It never fails. My husband hears about a new device -- most recently the iPod -- and how much storage it offers -- his is 4 GB -- and he tells me, with complete sincerity and a straight face, "Wow! 4 gigs! I'll never use that much space."
Not six months ever goes by without him complaining, "I need more space."
And so it goes with technology. What seems like plenty of storage today runs out by tomorrow. New releases of Windows alone seem to exhaust many of my memory upgrades.
Well, guess what? In 2010, we're all going to hit a major wall. That's when engineers predict we'll max out the conventional magnetic storage techniques, according to a recent article published on Physorg.com.
And that's where we hope nanotechnology will step in.
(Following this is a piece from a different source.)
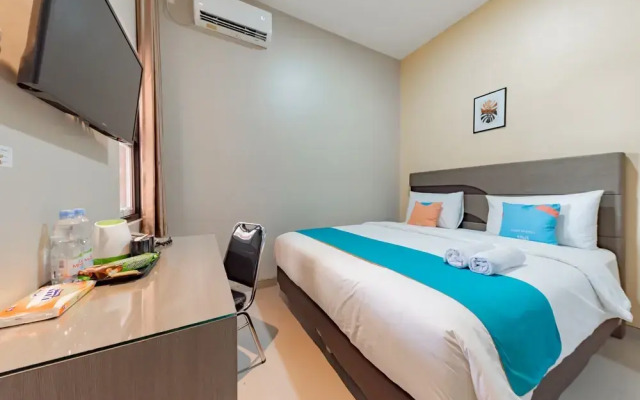 Sans Hotel Berau Square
But if the predictions are right, researchers only have three years to work out a host of problems with nanorods, nanowires and the manufacturing thereof.
Which brings me to today's announcement. Chemists at Brown University have worked out how "to synthesize iron-platinum nanorods and nanowires while controlling their size and composition," reports Physorg.com. This is important because nanorods must have a uniform shape and magnetic alignment if we're going to manufacture high-density information storage with them.
The article explains how they managed to overcome this huge hurdle of controlling the shape, which plays a huge role in controlling nanorod alignment. Experts say this breakthrough has ramifications in other areas, including magnetic motors and generators.